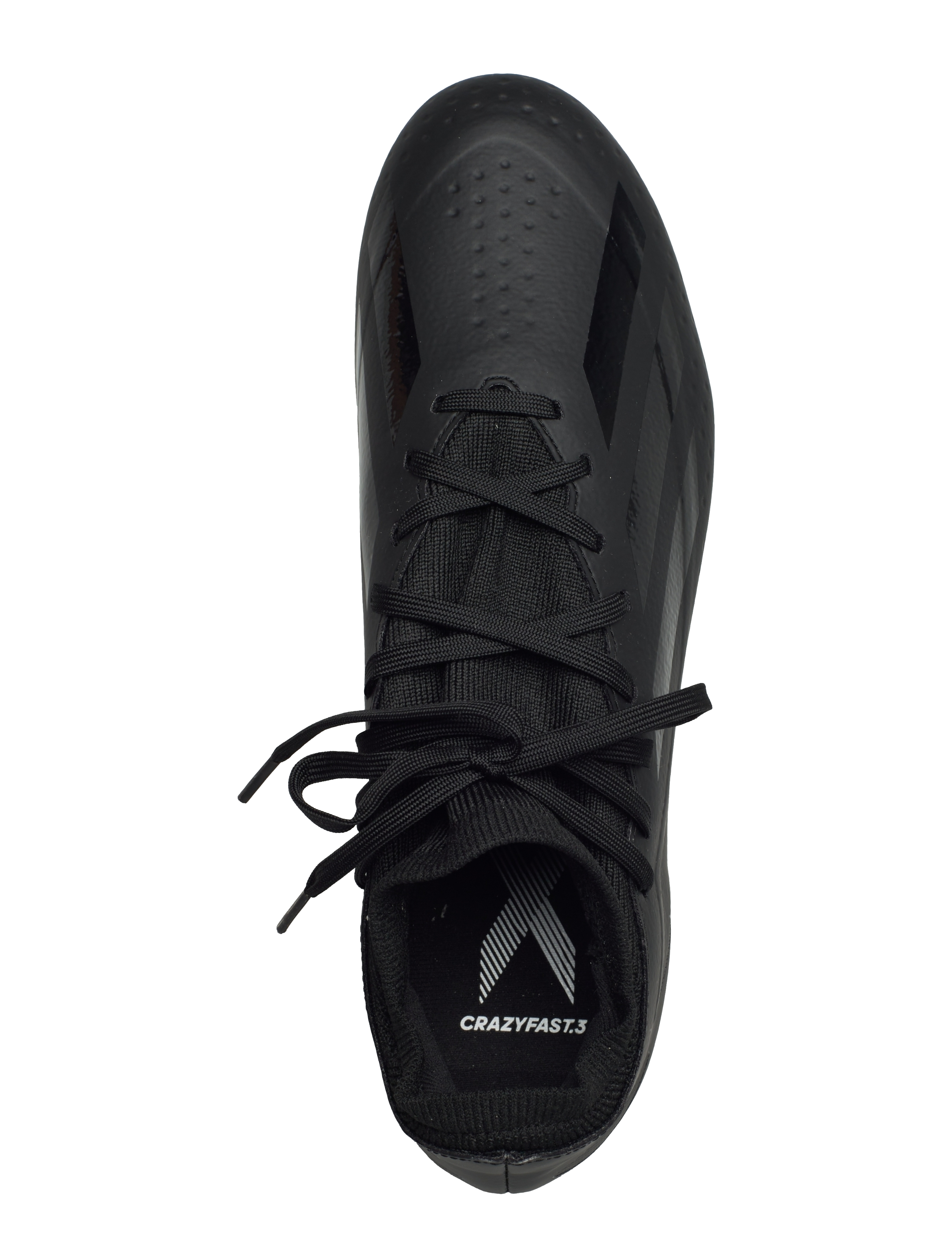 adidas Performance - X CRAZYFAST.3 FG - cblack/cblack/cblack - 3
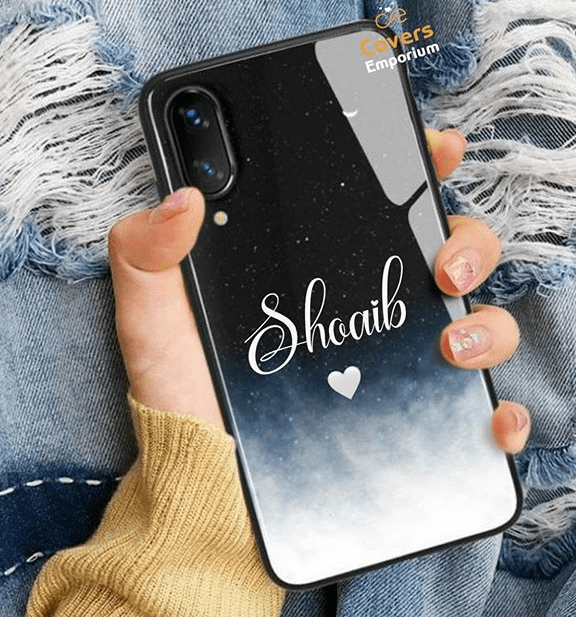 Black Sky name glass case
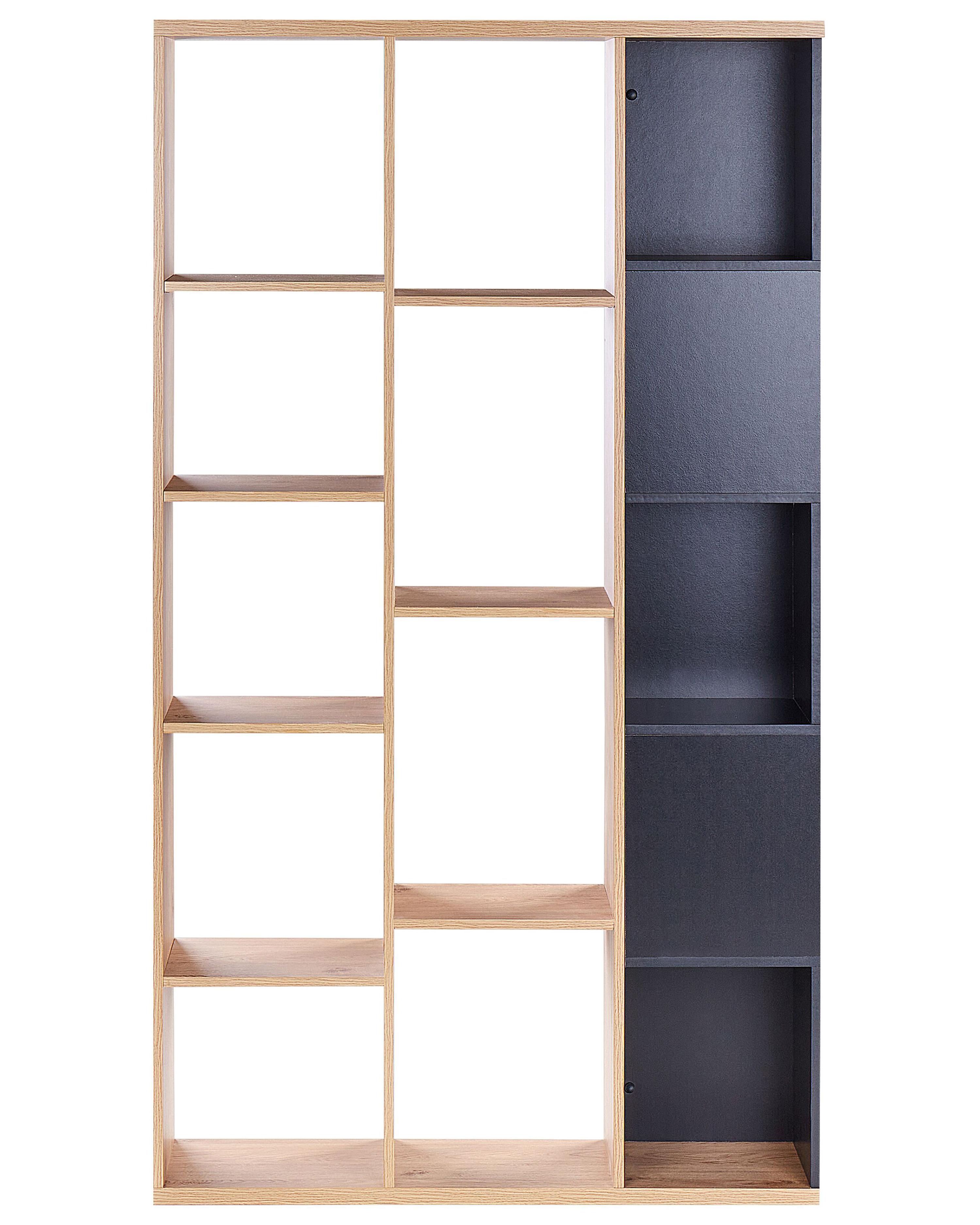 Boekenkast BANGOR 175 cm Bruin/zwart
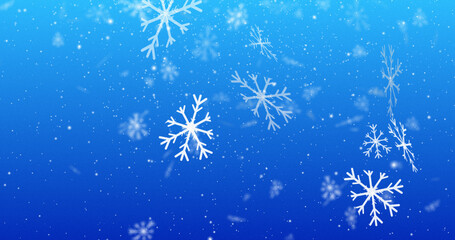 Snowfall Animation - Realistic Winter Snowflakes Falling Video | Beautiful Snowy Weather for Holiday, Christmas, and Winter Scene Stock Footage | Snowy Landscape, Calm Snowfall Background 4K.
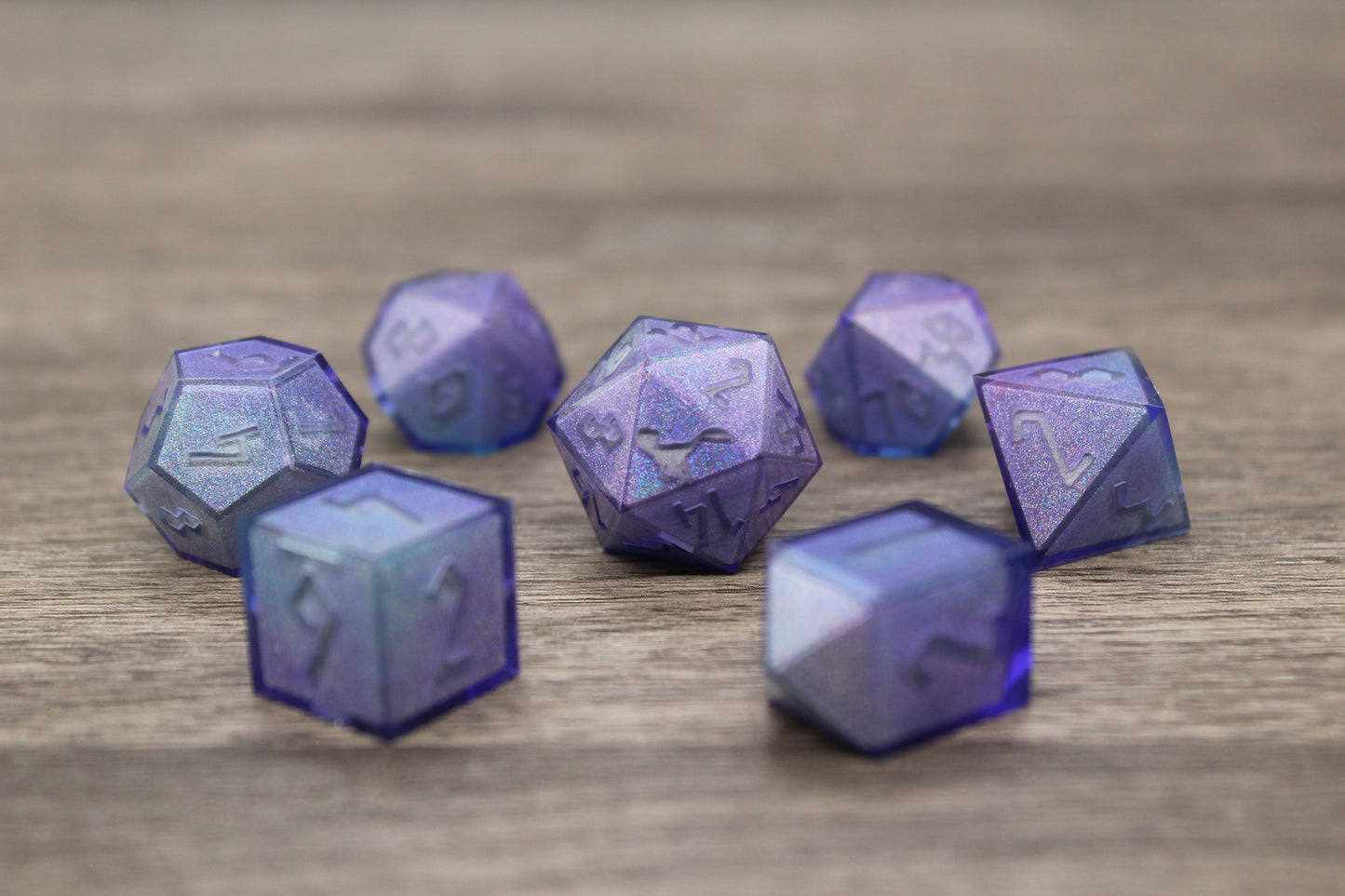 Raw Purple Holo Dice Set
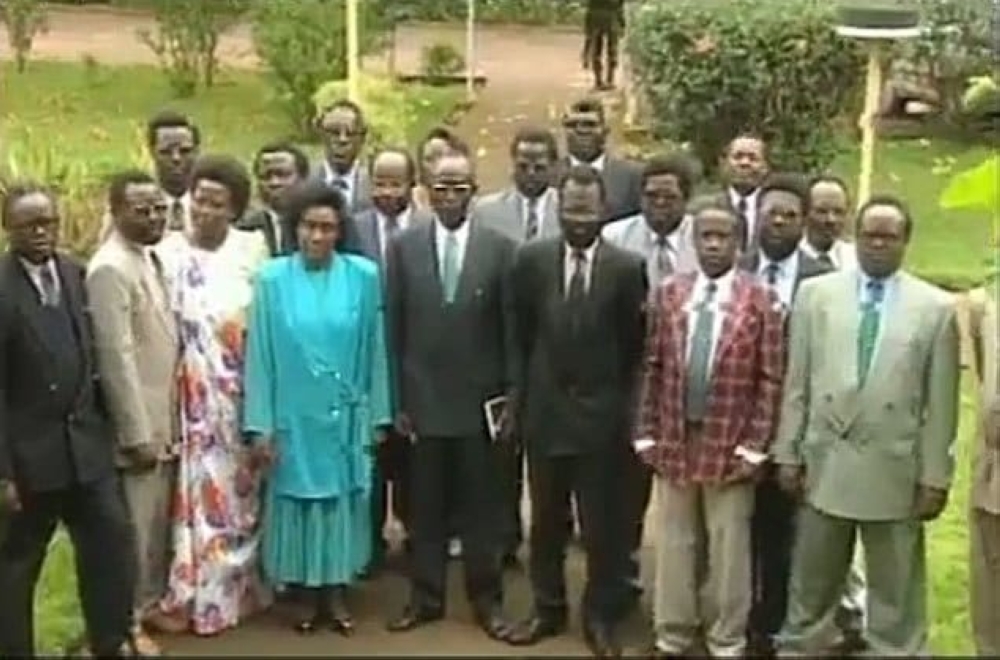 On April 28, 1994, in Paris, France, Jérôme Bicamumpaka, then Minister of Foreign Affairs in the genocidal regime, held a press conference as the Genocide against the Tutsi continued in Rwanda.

▬▬▬▬▬▬

> [Problem description]:
Print the complete listing exactly as it stands, without its pictures.

> [Finished task]:
 adidas Performance - X CRAZYFAST.3 FG - cblack/cblack/cblack - 3
 Black Sky name glass case
 Boekenkast BANGOR 175 cm Bruin/zwart
 Snowfall Animation - Realistic Winter Snowflakes Falling Video | Beautiful Snowy Weather for Holiday, Christmas, and Winter Scene Stock Footage | Snowy Landscape, Calm Snowfall Background 4K.
 Raw Purple Holo Dice Set
 On April 28, 1994, in Paris, France, Jérôme Bicamumpaka, then Minister of Foreign Affairs in the genocidal regime, held a press conference as the Genocide against the Tutsi continued in Rwanda.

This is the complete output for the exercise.